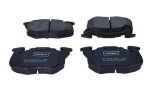MAXGEAR Piduriklotsi komplekt,  ketaspidur 19-0470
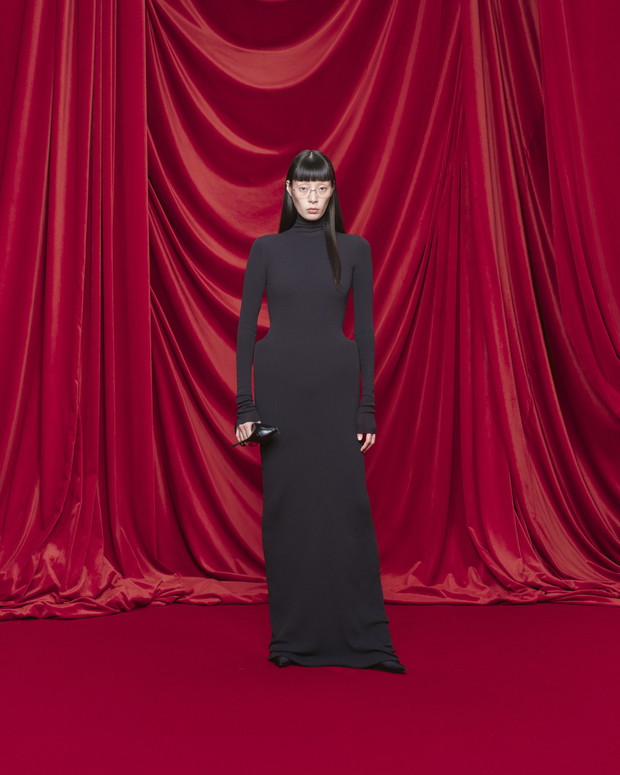 Balenciaga wiosna-lato 2024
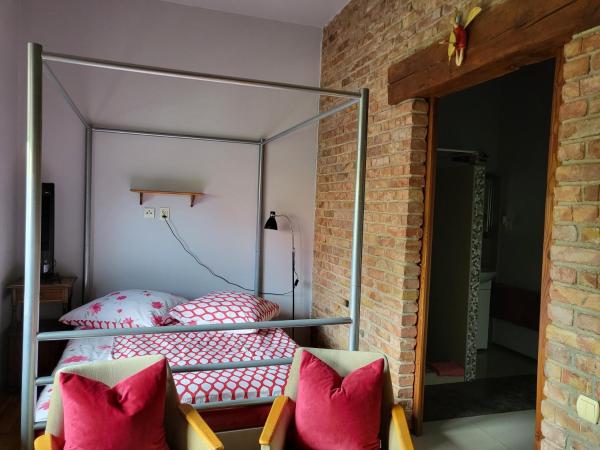 DOM GOŚCINNY PTASZARNIA - Ekologia - Natura - Rewilding : photo 6 de la chambre chambre double Économique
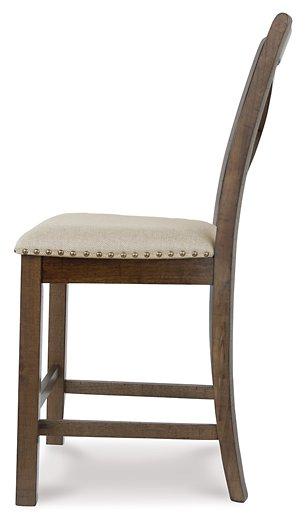 Moriville Dining Room Set - Golden Home Furniture (Columbus, OH) - Multi Location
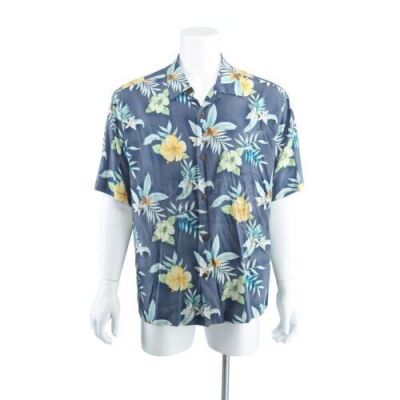 Lot # 36 - S1E03 98 Seconds: Beau's Geronimo Investigation Shirt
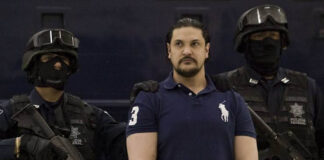 El agresor de Salvador Cabañas recibió 36 años de prisión. El agresor de Salvador Cabañas recibe 36 años de prisión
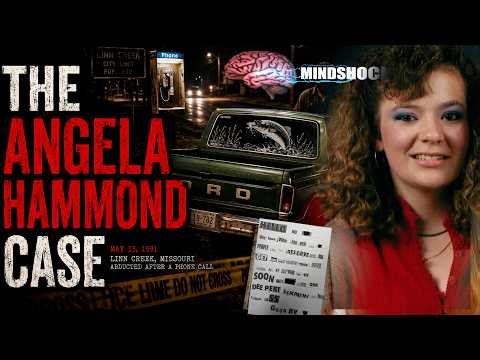THE ANGELA HAMMOND CASE (MINDSHOCK TRUE CRIME) #crime #truecrimepodcast #unsolvedmysteries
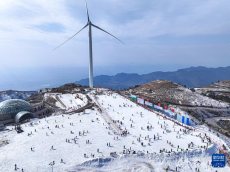 南國(guó)熱雪：湖北冰雪運(yùn)動(dòng)“滑出”經(jīng)濟(jì)增長(zhǎng)新動(dòng)力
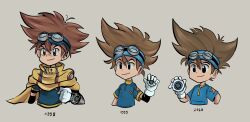 yagami taichi from digimon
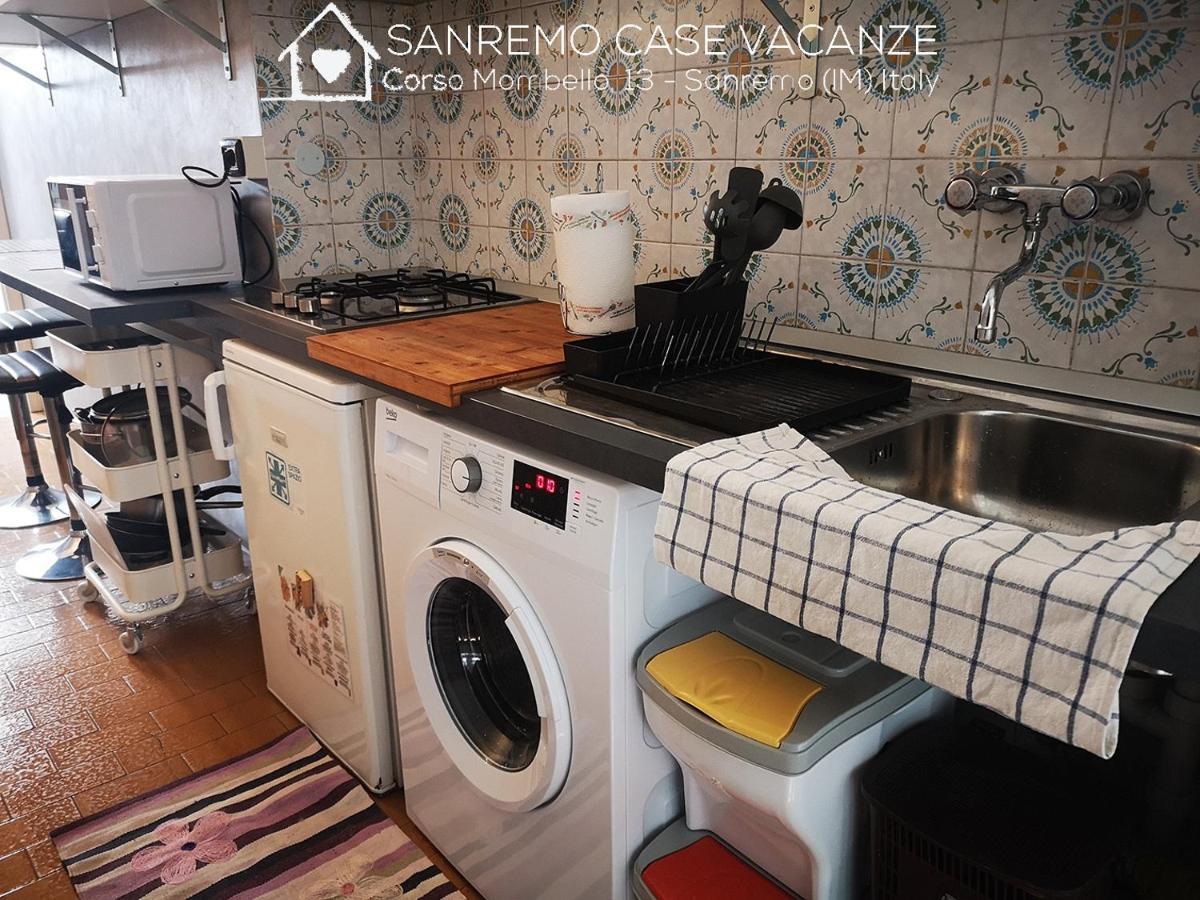 Elizabeth'S House Apartman San Remo Kültér fotó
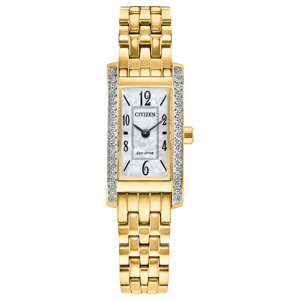Womens Citizen(R) Eco-Drive Petitie Palidoro Watch - EG7112-59D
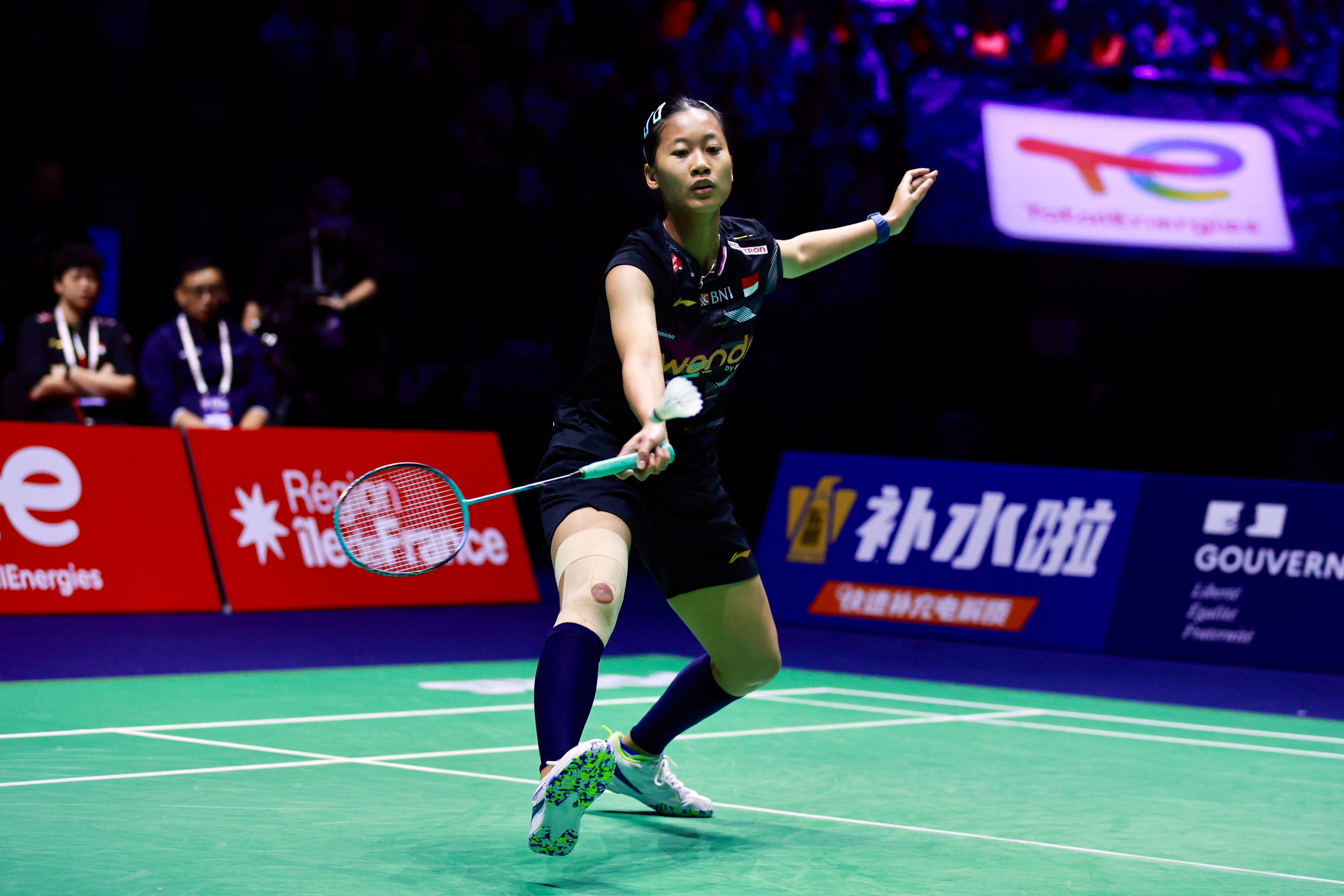 Jelang Kejuaraan Dunia 2026, Putri KW dan Alwi Farhan Siap Tempur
* * *
▸ Problem details:
Return the material above exactly; the images stay out.

▸ Answer space:
MAXGEAR Piduriklotsi komplekt,  ketaspidur 19-0470
 Balenciaga wiosna-lato 2024
 DOM GOŚCINNY PTASZARNIA - Ekologia - Natura - Rewilding : photo 6 de la chambre chambre double Économique
 Moriville Dining Room Set - Golden Home Furniture (Columbus, OH) - Multi Location
 Lot # 36 - S1E03 98 Seconds: Beau's Geronimo Investigation Shirt
 El agresor de Salvador Cabañas recibió 36 años de prisión. El agresor de Salvador Cabañas recibe 36 años de prisión
THE ANGELA HAMMOND CASE (MINDSHOCK TRUE CRIME) #crime #truecrimepodcast #unsolvedmysteries
 南國(guó)熱雪：湖北冰雪運(yùn)動(dòng)“滑出”經(jīng)濟(jì)增長(zhǎng)新動(dòng)力
 yagami taichi from digimon
 Elizabeth'S House Apartman San Remo Kültér fotó
Womens Citizen(R) Eco-Drive Petitie Palidoro Watch - EG7112-59D
 Jelang Kejuaraan Dunia 2026, Putri KW dan Alwi Farhan Siap Tempur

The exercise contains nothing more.